■ **Exercise details**
All that is wanted is the exact text of the lines below from the one with "Đèn thả chim" through the one with "HAN Bottes hautes", inclusive, minus any pictures.

■ **Input**
__________

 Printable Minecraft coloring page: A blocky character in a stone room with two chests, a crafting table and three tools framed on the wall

__________

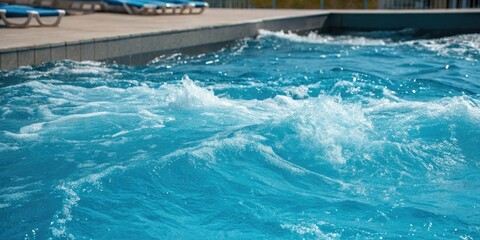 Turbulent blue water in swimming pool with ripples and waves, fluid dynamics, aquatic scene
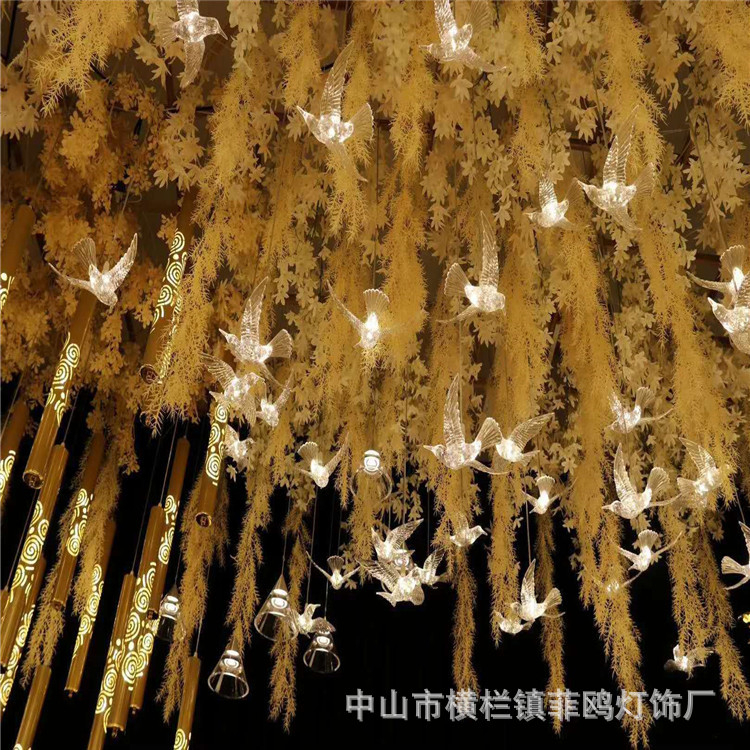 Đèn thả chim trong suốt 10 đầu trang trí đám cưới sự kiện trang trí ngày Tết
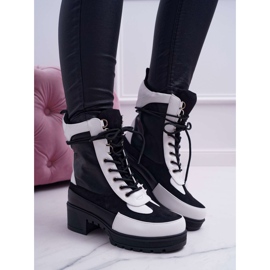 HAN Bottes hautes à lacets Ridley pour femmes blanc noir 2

__________

■ **Exercise response**
 Đèn thả chim trong suốt 10 đầu trang trí đám cưới sự kiện trang trí ngày Tết
 HAN Bottes hautes à lacets Ridley pour femmes blanc noir 2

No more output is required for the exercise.